**Exercise description:** Would you give the entries again word for word, with no pictures in the copy?

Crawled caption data
---
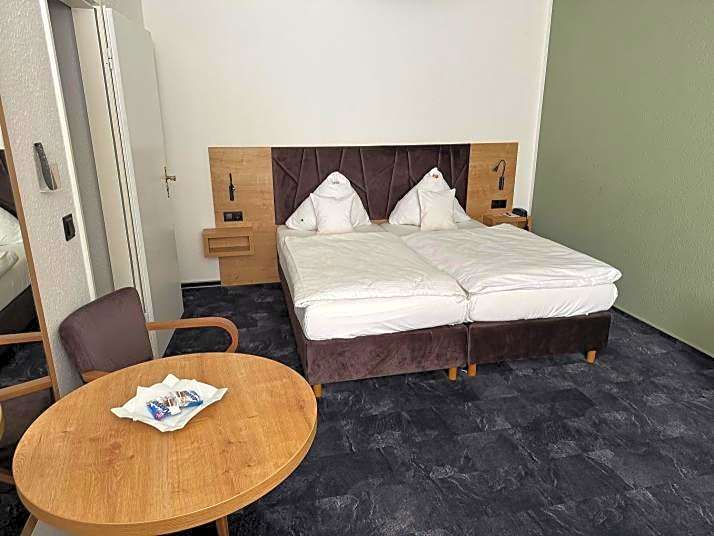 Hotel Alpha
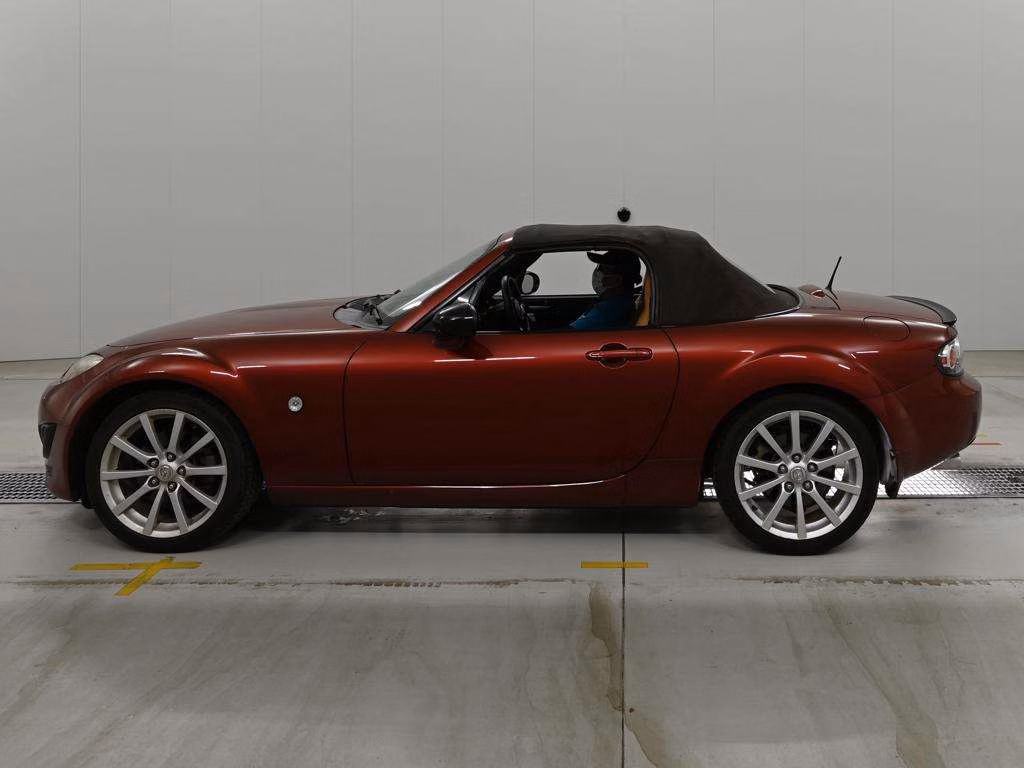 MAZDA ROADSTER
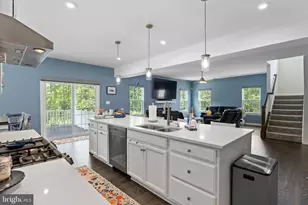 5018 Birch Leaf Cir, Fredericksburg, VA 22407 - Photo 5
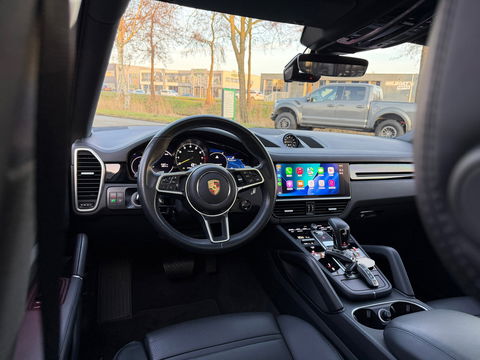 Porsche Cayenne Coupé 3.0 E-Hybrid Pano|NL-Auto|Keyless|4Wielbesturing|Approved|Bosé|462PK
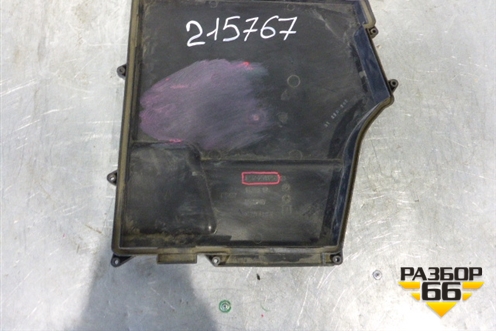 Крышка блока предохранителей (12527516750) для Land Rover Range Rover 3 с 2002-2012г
---
**Response:**
 Hotel Alpha
 MAZDA ROADSTER
 5018 Birch Leaf Cir, Fredericksburg, VA 22407 - Photo 5
 Porsche Cayenne Coupé 3.0 E-Hybrid Pano|NL-Auto|Keyless|4Wielbesturing|Approved|Bosé|462PK
 Крышка блока предохранителей (12527516750) для Land Rover Range Rover 3 с 2002-2012г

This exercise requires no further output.